Resilience, i.e., obtaining a correct solution in a timely and efficient manner, is one of the key challenges in extreme-scale supercomputing. Extreme heterogeneity, i.e., using multiple, and potentially configurable, types of processors, accelerators and memory/storage in a single computing platform, is adding a significant amount of complexity to the supercomputer hardware/software ecosystem. Errors and failures reported by such heterogeneous hardware will need to be handled by the appropriate software component to enable efficient masking, recovery, and avoidance with little burden on the user.
This project takes a first step toward resilience in leadership-class supercomputers with extreme heterogeneity. It performs research to enable fine-grain resilience for graphics processing units (GPU) accelerated systems, such as Oak Ridge National Laboratory’s Summit supercomputer, that is more efficient than traditional application-level checkpoint/restart. The approach centers on a novel concept for Quality of Service (QoS) and corresponding extensions for the for OpenMP parallel programming model. This project develops (1) error and failure models, (2) software resilience strategies and protection domains, (3) OpenMP QoS language extensions for resilience, (4) OpenMP QoS runtime extensions and policies for resilience, and (5) a proof-of-concept prototype demonstrating these capabilities on the Summit supercomputer at Oak Ridge National Laboratory.
The ultimate goal is to make fault resilience an integral part of the supercomputer hardware/software ecosystem, such that the burden for providing it is on the system by design and not on the user as an afterthought.
Figure: Compile-time workflow and run-time interactions of the rOpenMP prototype using LLVM 7
Funding Sources
- Laboratory Directed Research and Development, Oak Ridge National Laboratory
Participants
- Christian Engelmann (PI), Geoffroy Vallée, and Swaroop Pophale — Oak Ridge National Laboratory
Peer-reviewed Workshop Publications
- Christian Engelmann, Geoffroy R. Vallée, and Swaroop Pophale.
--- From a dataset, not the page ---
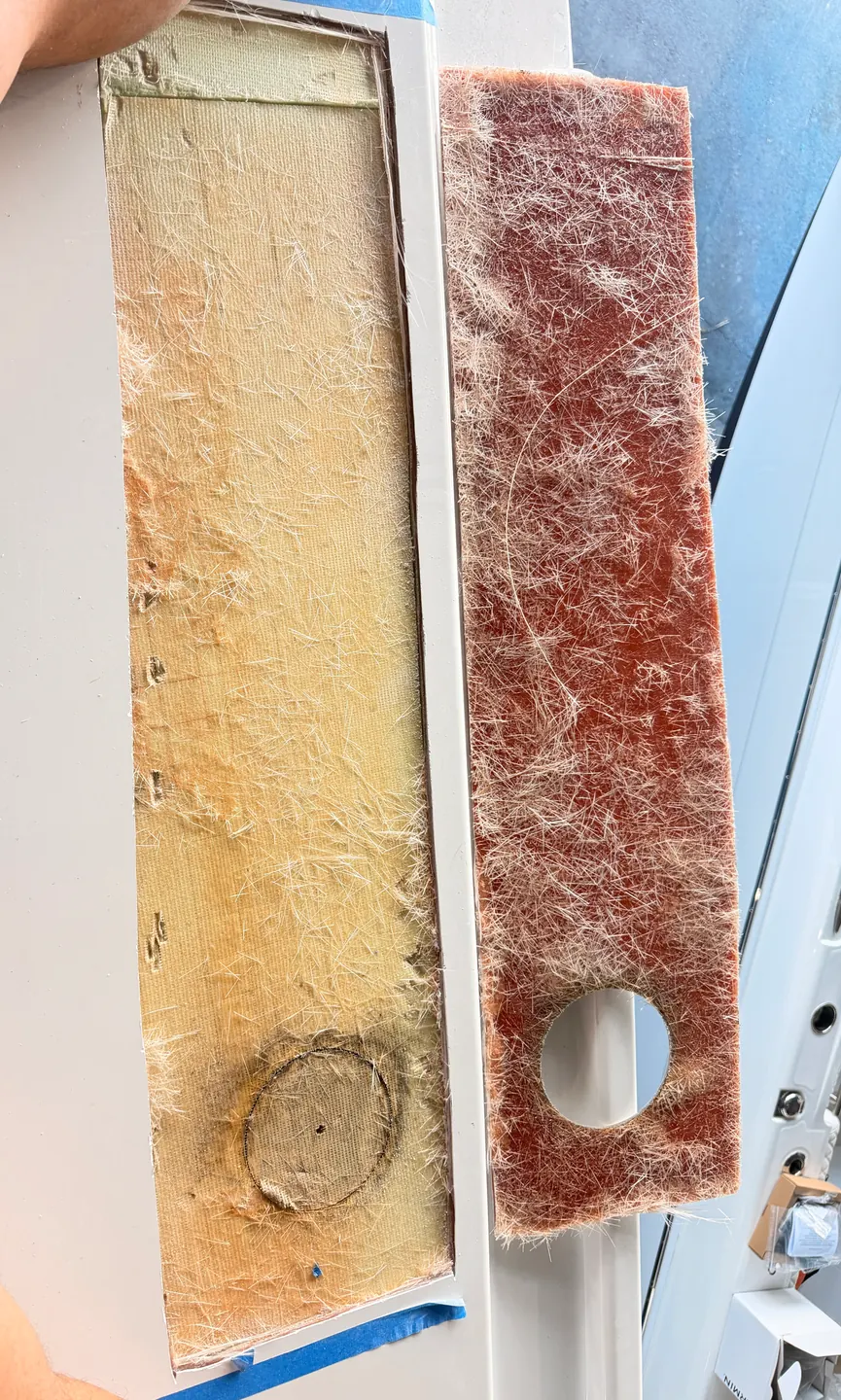 Fiberglass core cutout beside a replacement panel during hardtop structural repair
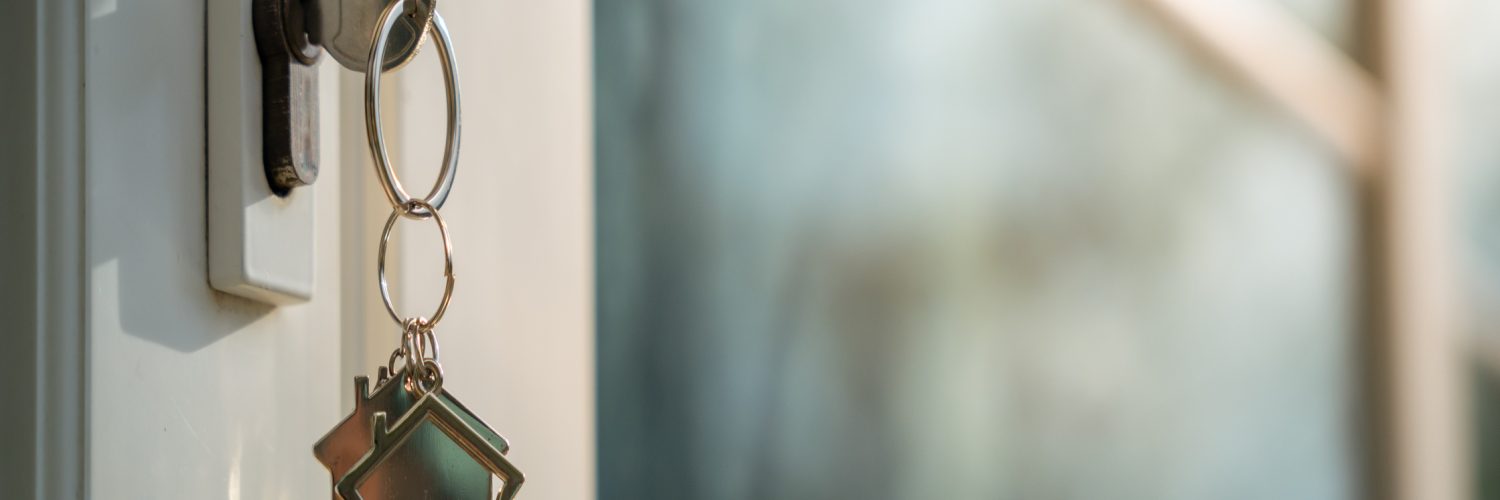 A white entrance door to a house with a key hanging from it. The key has a keychain that looks like a house.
Concepts for OpenMP Target Offload Resilience. In Lecture Notes in Computer Science: Proceedings of the 15th International Workshop on OpenMP (IWOMP) 2019, pages 78-93, Auckland, New Zealand, September 11-13, 2019. Springer Verlag, Berlin, Germany. ISBN 978-3-030-28595-1. DOI 10.1007/978-3-030-28596-8_6.
Talks and Lectures
- Christian Engelmann. Resilience in Parallel Programming Environments. Invited talk at the 8th Accelerated Data Analytics and Computing (ADAC) Institute Workshop, Tokyo, Japan, October 30-31, 2019.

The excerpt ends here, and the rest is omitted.